_Your instructions_: Retype the lines of the listing below exactly, but only those from the one containing "Holiday Plays by Carol Kaplan-Lyss" through the last line; pictures stay out.

_Recorded information_:

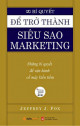 Để trở thành siêu sao marketing : những bí quyết để vận hành cổ máy đếm tiền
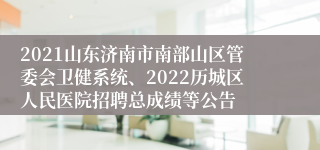 2021山东济南市南部山区管委会卫健系统、2022历城区人民医院招聘总成绩等公告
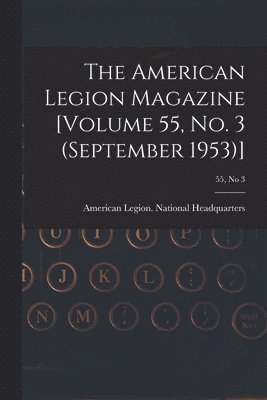 The American Legion Magazine [Volume 55, No. 3 (September 1953)]; 55, no 3, Häftad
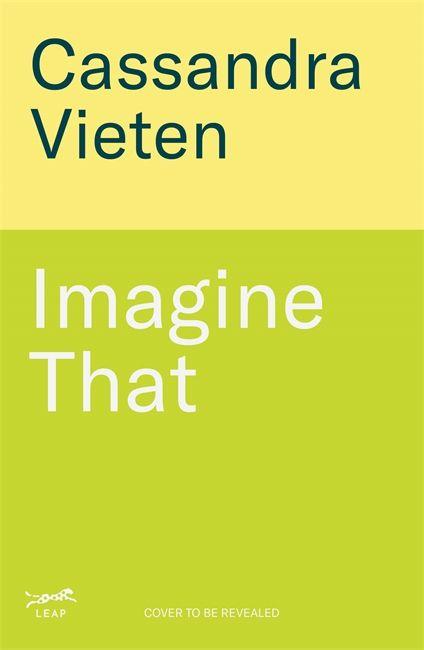 Book Imagine That Cassandra Vieten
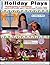Holiday Plays by Carol Kaplan-Lyss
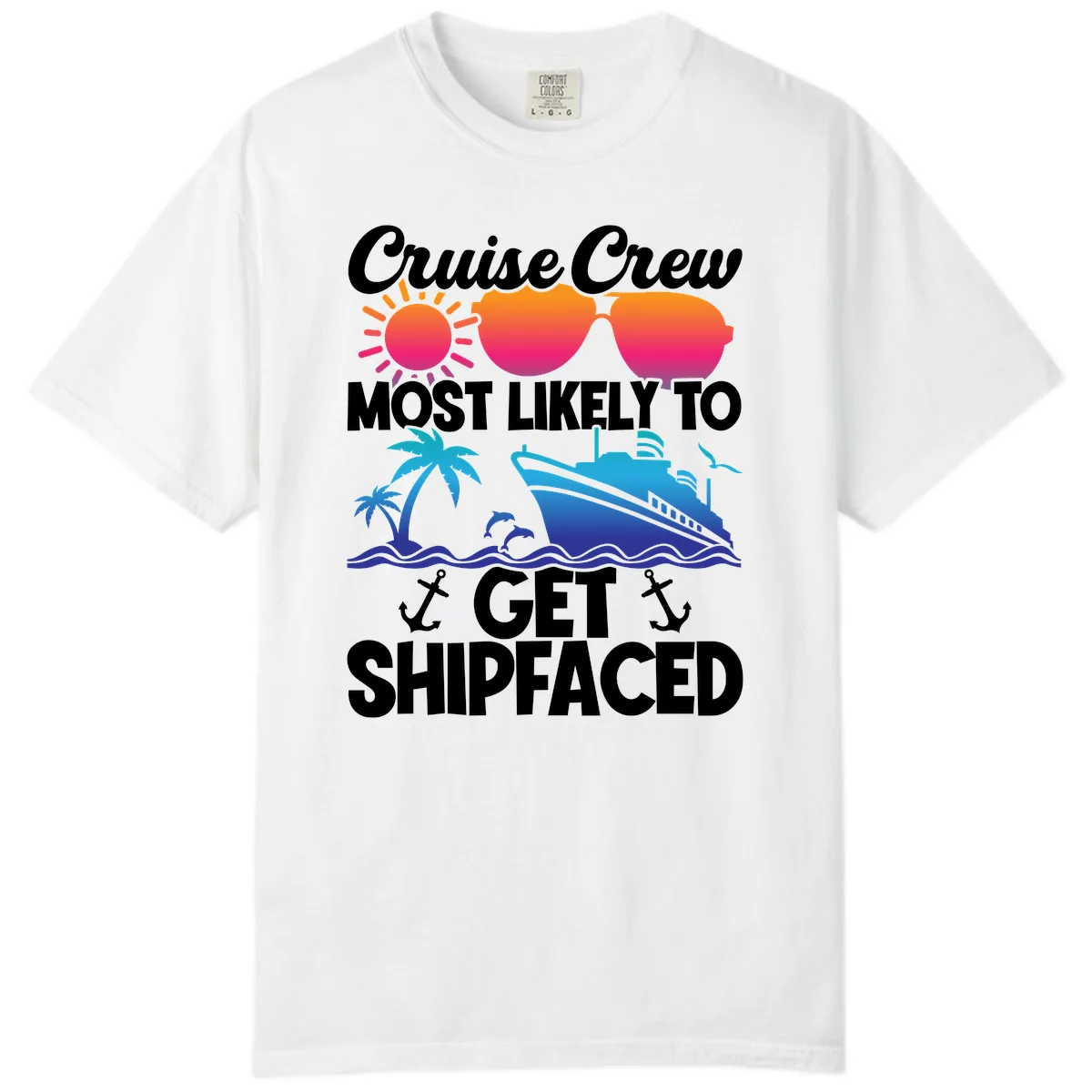 Cruise Crew Most Likely To Get Shipfaced Comfort Color in White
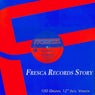 Fresca Records Story (100 Original 12" Inch. Version)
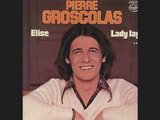 Clip Pierre Groscolas - Elise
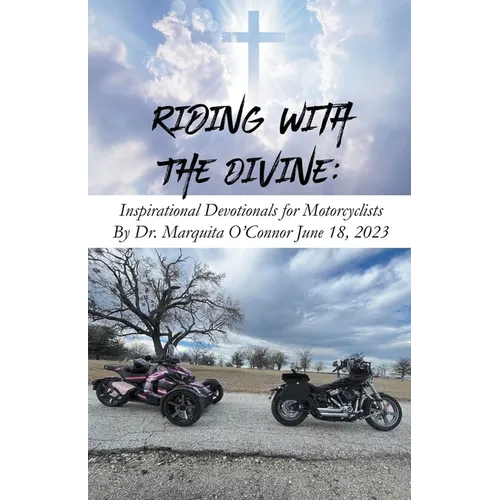 Riding with the Divine: Inspirational Devotionals for Motorcyclists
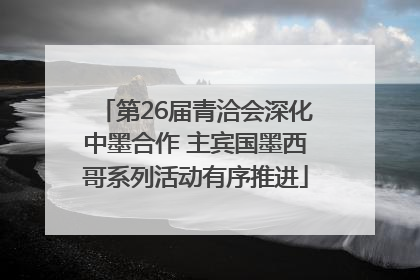第26届青洽会深化中墨合作 主宾国墨西哥系列活动有序推进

_Answer for this exercise_:
Holiday Plays by Carol Kaplan-Lyss
 Cruise Crew Most Likely To Get Shipfaced Comfort Color in White
 Fresca Records Story (100 Original 12" Inch. Version)
 Clip Pierre Groscolas - Elise
 Riding with the Divine: Inspirational Devotionals for Motorcyclists
第26届青洽会深化中墨合作 主宾国墨西哥系列活动有序推进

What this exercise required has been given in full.